* **Task directions**: Write out exactly, and only, the lines below from the line with "And now for" through the line with "And one interesting"; pictures do not belong in the copy.

* **Exercise data**:
=======
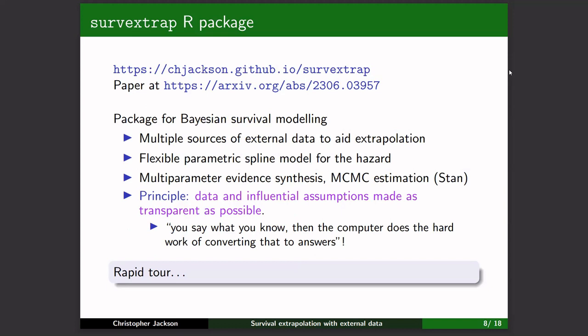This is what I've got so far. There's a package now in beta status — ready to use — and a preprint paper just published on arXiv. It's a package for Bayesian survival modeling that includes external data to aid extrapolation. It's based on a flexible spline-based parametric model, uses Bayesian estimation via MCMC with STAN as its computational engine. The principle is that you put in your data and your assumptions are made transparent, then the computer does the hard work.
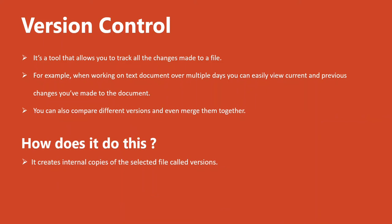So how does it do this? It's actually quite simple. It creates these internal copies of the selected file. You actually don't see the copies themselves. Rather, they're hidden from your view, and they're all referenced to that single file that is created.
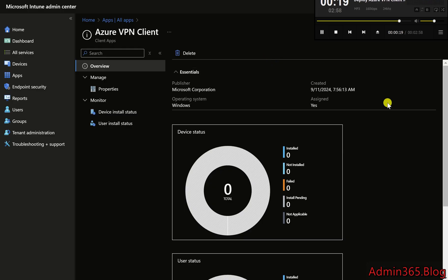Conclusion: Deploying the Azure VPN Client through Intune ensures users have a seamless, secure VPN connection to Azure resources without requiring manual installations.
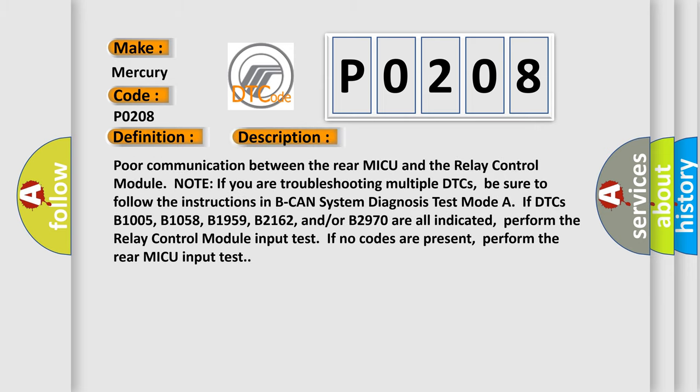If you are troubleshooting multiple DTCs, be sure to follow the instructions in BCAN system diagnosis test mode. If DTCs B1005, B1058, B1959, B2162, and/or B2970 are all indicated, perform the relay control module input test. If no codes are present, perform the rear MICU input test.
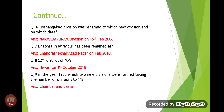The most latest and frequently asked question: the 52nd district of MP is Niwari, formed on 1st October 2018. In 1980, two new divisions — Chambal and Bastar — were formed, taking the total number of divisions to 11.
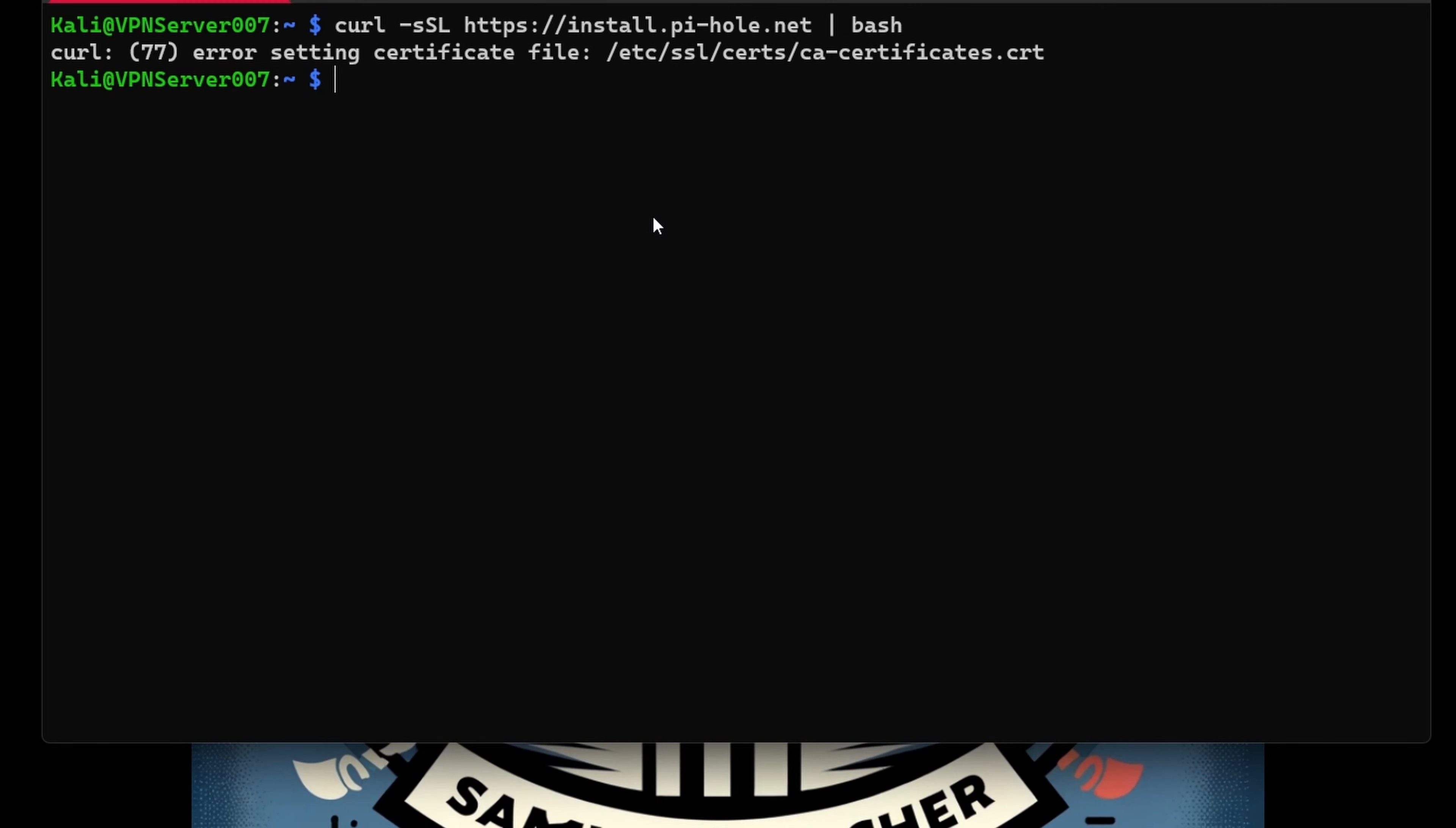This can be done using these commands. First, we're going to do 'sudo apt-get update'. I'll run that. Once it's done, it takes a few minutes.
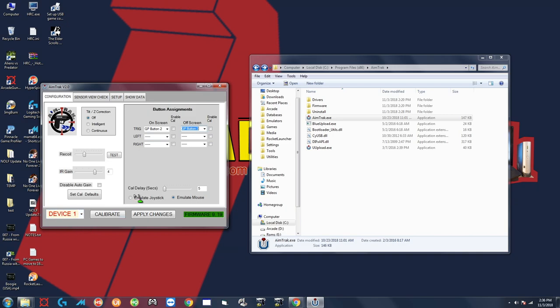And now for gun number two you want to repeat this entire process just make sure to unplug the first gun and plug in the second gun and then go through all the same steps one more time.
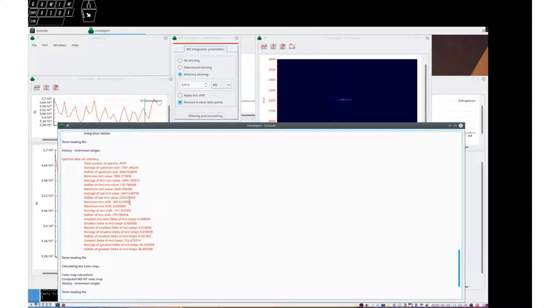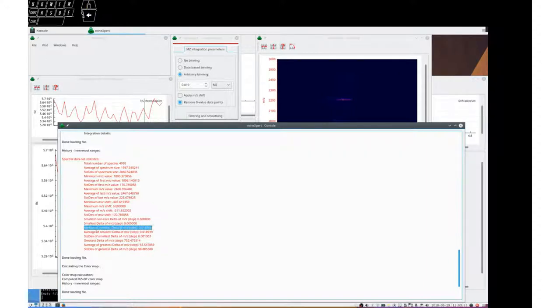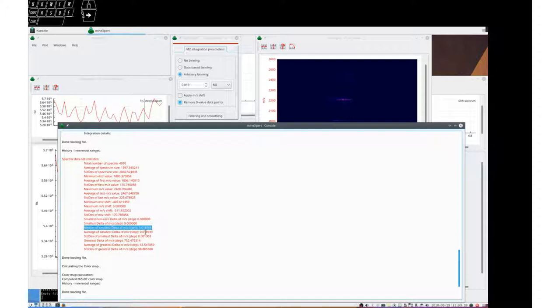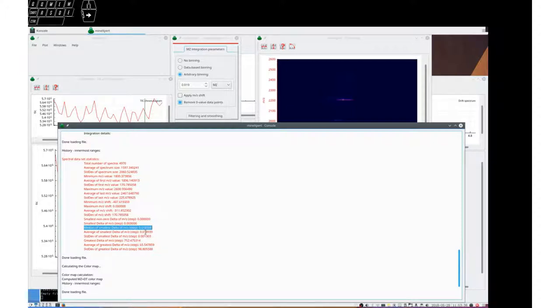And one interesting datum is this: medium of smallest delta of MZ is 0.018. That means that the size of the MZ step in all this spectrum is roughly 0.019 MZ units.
=======
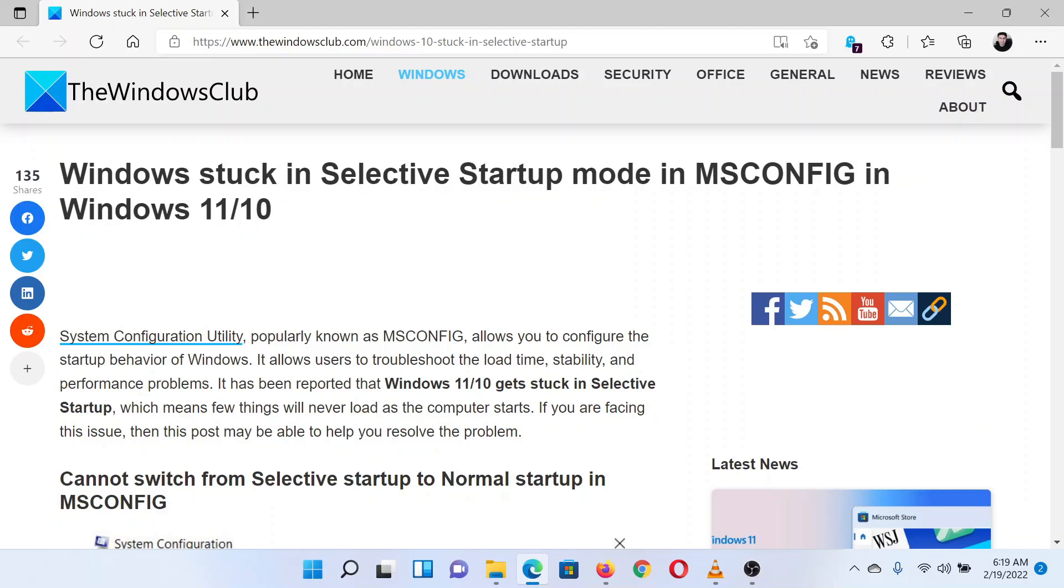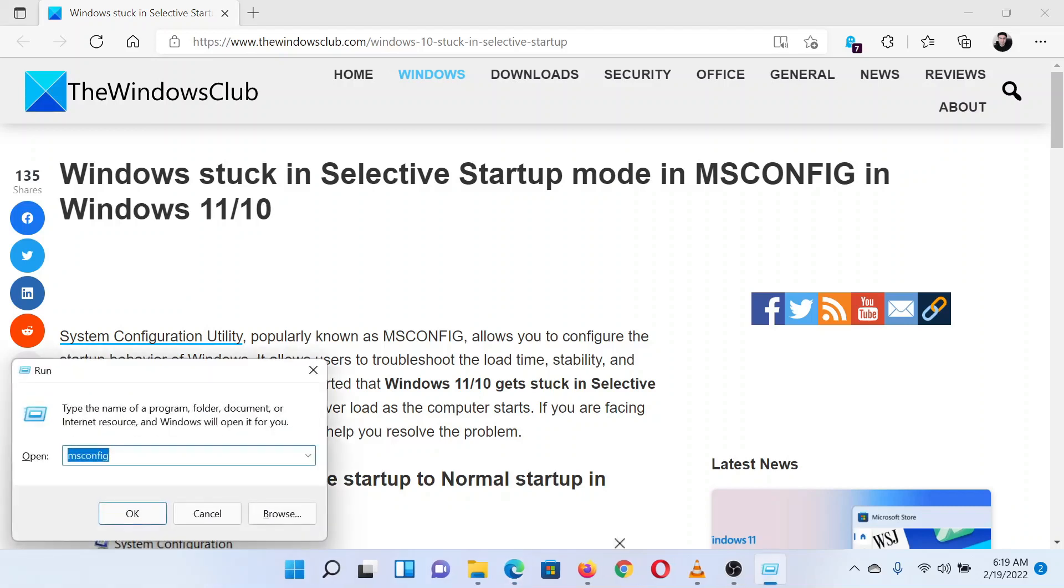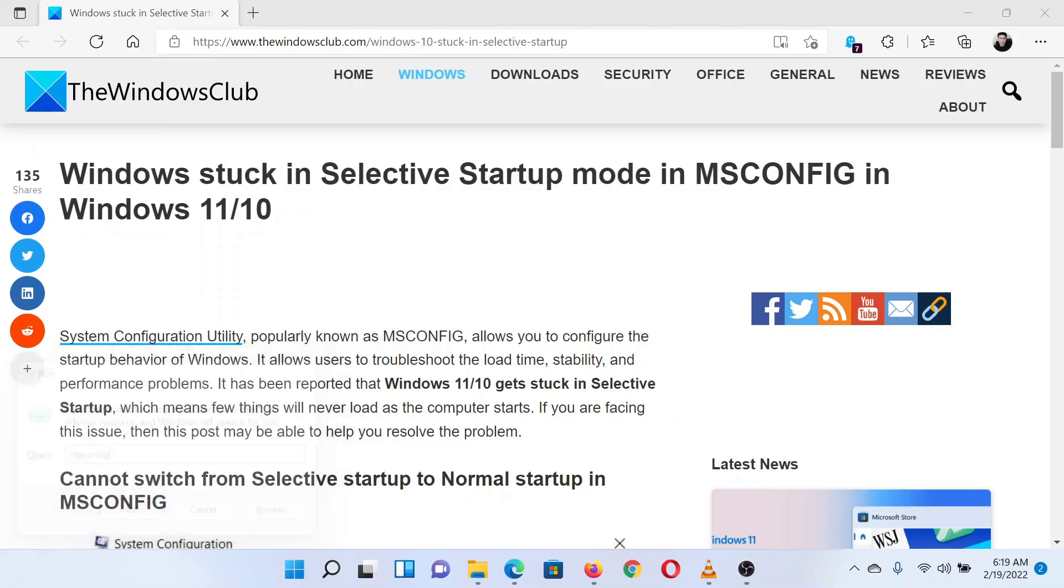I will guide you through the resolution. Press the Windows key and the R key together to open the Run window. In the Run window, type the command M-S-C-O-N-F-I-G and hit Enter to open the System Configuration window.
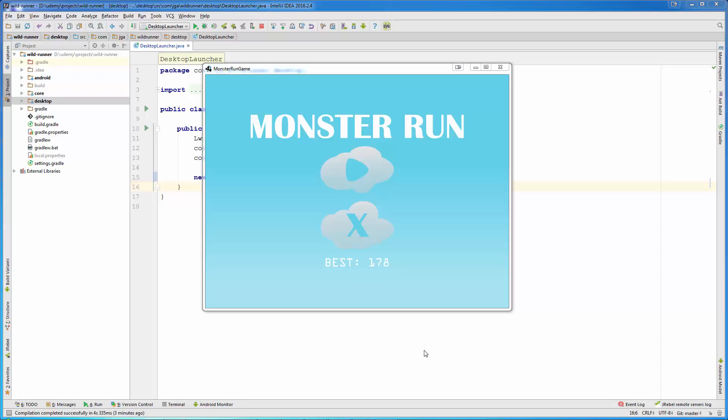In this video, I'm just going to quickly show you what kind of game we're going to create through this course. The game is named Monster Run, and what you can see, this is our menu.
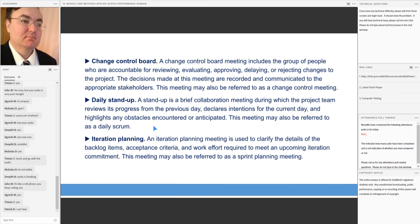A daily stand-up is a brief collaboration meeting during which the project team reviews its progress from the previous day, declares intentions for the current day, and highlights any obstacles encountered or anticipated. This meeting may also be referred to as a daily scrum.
=======
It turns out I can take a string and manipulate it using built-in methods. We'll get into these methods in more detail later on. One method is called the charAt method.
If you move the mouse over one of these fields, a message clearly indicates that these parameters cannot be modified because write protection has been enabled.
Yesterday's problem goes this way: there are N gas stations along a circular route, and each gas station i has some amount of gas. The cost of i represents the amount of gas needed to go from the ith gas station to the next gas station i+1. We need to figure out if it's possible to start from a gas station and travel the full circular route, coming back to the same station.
=======
* **Answer space**:
And now for gun number two you want to repeat this entire process just make sure to unplug the first gun and plug in the second gun and then go through all the same steps one more time.
And one interesting datum is this: medium of smallest delta of MZ is 0.018. That means that the size of the MZ step in all this spectrum is roughly 0.019 MZ units.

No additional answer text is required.